Sit back as Finn Klauber recounts the important proposals discussed at last night’s ESC meeting. Topics discussed varied from concerns over completing CS major requirements, getting the Wednesday before Thanksgiving off next year, and funding for campus organizations.
Yesterday evening’s Engineering Student Council meeting strayed away from controversial discussions or proposals, instead focusing on a group discussion apropos of the unnecessary burdens Columbia places on SEAS Computer Science majors. Executive VP for Student Life Piyushi Bishnoi, with support from Executive VP for Communication Anthony Kim, is heading an effort to demonstrate to the Administration just how serious of a situation this is to SEAS students.
Members of ESC pointed out how the CS department seems to have a deflated point attribution—while Art of Engineering is a 4 point class, Fundamentals of Computer Science only provides 3 points. 2017 Class Rep Harry Munroe plainly asked what the fundamental problems are with department, drawing VP Kim to explain how the CS department has issues with hiring professors to meet CS needs. The number of students in CS waxes and wanes over time, meaning careless hiring choices could hurt Columbia more than help it. Furthermore, some professors are “research professors” only allotted a class or two, unless Columbia CS wants to pay these professors premiums to teach a greater number of classes. 2018 Class President Aakanxit Khullar asked for clarification specifically on how seniors are not able to register for necessary classes in the department, which was explained as the specific tracks within the CS department varying in terms of the actual number of listed courses that are actually given.
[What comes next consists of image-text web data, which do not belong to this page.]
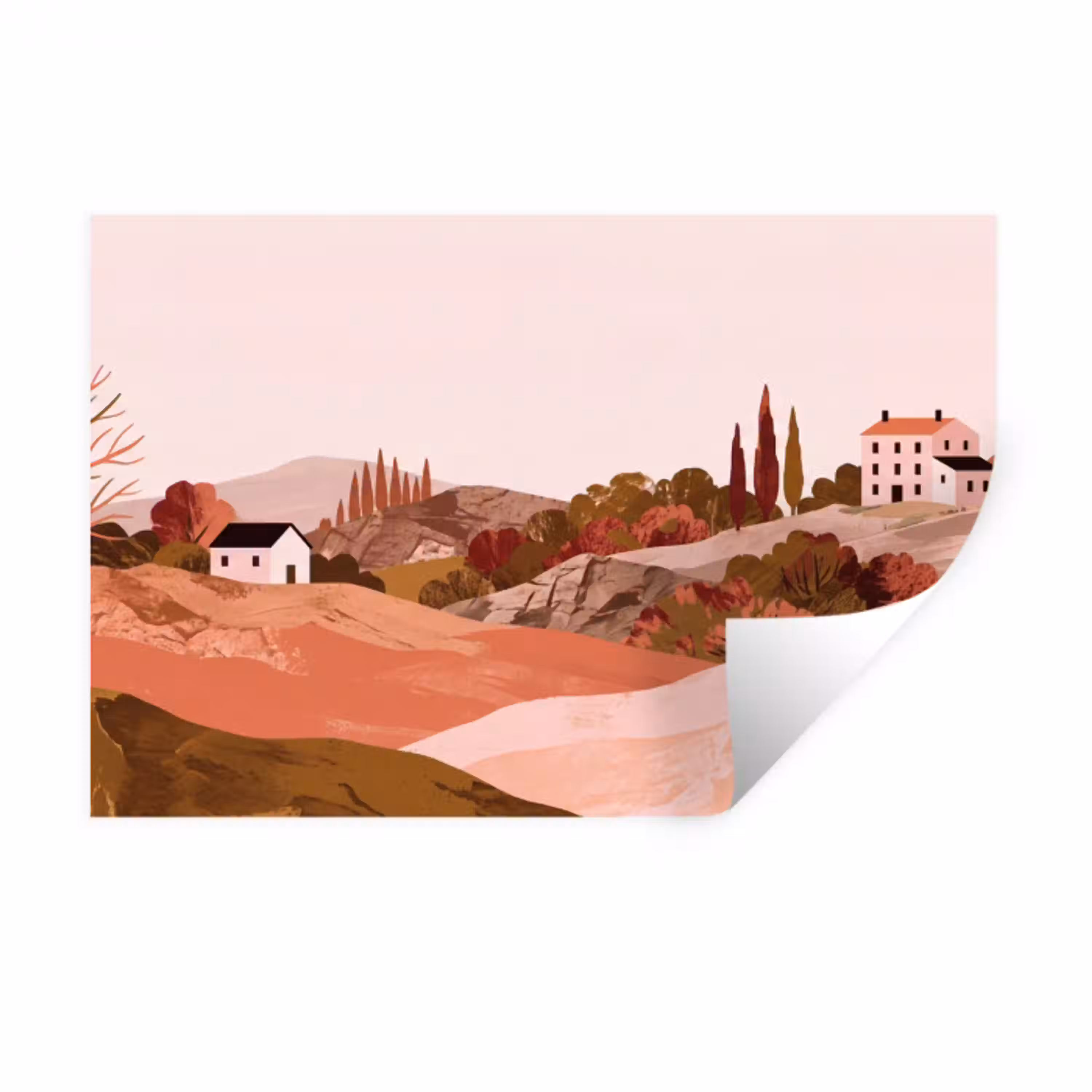 Heuvellandschap - Grafisch - Terracotta Muursticker klein -3d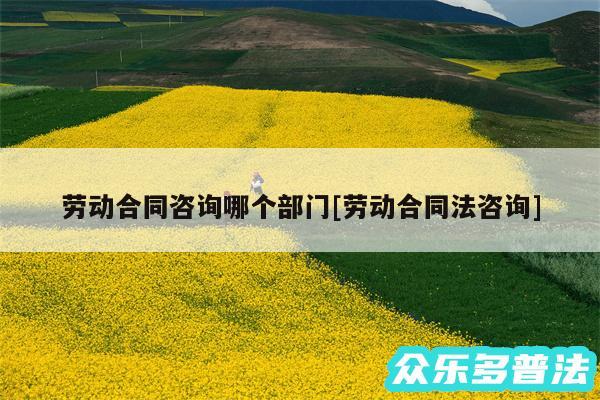 劳动合同咨询哪个部门及劳动合同法咨询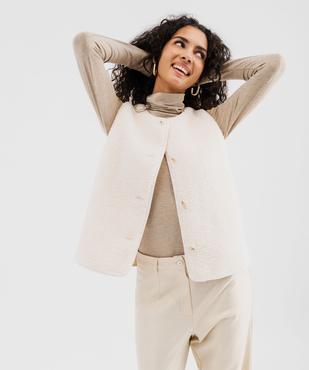 Veste sans manches en sherpa femme vue2 - GEMO 4G FEMME - GEMO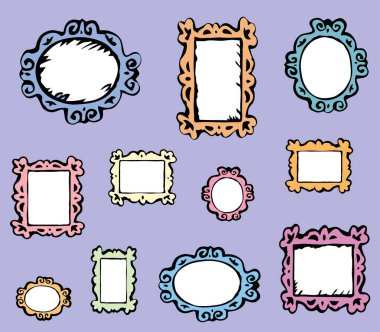 Kırsal kare kart seti. Siyah mürekkep boyalı kalem el çizimi oval rokoko deko sanatçısı bayrak logosu işareti pictogram hatlı çizgi roman tarzı. Kapalı görünüm beyaz ambalaj kağıdı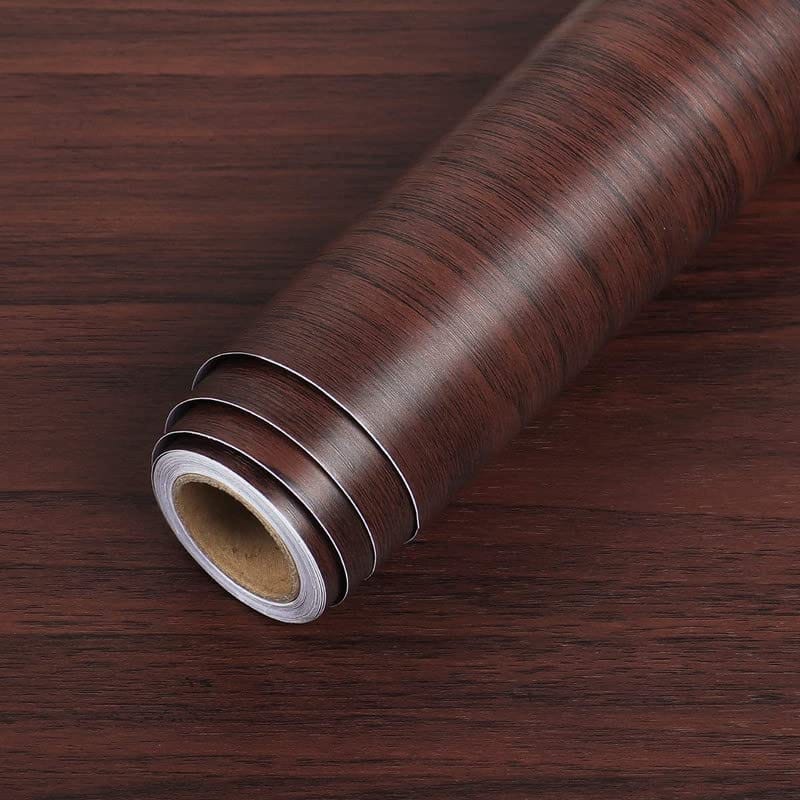 LAAYO Wall Stickers Furniture Wallpaper Wood Door, DIY Vinyl, Almirah, Shelf Liner, Revamp Desk Table Top, Wardrobe, Kitchen Cupboard Decoration Self Adhesive, Brown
In other words, VP Bishnoi summed up, students don’t feel like they can actually fulfill the requirements for CS.
Besides this discussion, Executive Vice President for Finance Aida Lu gave an impromptu explanation of the current financial state of ESC. Three different funding committees met this past week, with the Presidents and Provost Fund allocating $14,000 this semester, mostly to arts groups—KCST received $2,500 for their productions of Rosencrantz and Guildenstern are Dead and Julius Caesar, CUBE received $1,295 for their Alice in Wonderland performance, and so on. The CIF spent about $10,000 of the $20,000 allocated, and will save the rest for next semester. It funded 6 of 10 groups which applied, including $2,667 for CU Voltage drums equipment, $1,096 for SHARP’s OA system, and $100 to the VSA for a banner. And, finally, a JCCC proposal to fund the Chess Club $786 had to be voted upon by ESC. The Chess Club is attending a tournament in New Orleans and, unlike our well funded spectator sports, actually punches way over its weight. ESC voted unanimously to fund what expenses they could, though they only provided a relative proportion of the $2,750 requested. Otherwise, JCCC gave Phi Iota Alpha $300 for an event and the Columbia Debate Society $300 for an upcoming college debate tournament.
- Executive President Neha Jain recounted her meeting with Dean Brovman, SEAS Associate Dean of Undergraduate Student Affairs and Global Programs. There’s a working group currently determining what to do with the space above 501 NoCo. In response to Mudd’s “rat smell,” President Jain explained that this was apparently a “complex problem.” Finally, tampon and pad dispensers are being considered for new locations.
- VP Kim explained that the problems of ESC’s website relate to the host, not ESC. He entered a ticket for the website’s problems, but there’s nothing else he can do to improve ESC’s web infrastructure.
- University Senator Izzet Kebudi, SEAS 2019, reported that there’s a recommended resolution on making the Wednesday before Thanksgiving an academic holiday, though they didn’t vote on it for this year as professors vary in whether they allow students to take off Wednesday classes. Most likely the resolution will go to plenary and, starting next year, the Thanksgiving Wednesday will be a holiday.
- Campus Affairs Rep Benjamin Barton reported that he met with Dining Advisory about putting up nutritional facts in dining halls, which was denied by Columbia Psychological Services and Ask Alice and Columbia Health because “anorexia.” He further say that Dining wants to put a Ferris 2.0 in the emptied space in Uris Hall, but dining is “at the bottom of the totem pole” in the battle for Uris. Finally, Representative Barton claimed that real lox is coming back to John Jay, which might help to turn John Jay Dining Hall away from being a myopic and absolutely horrible place to eat.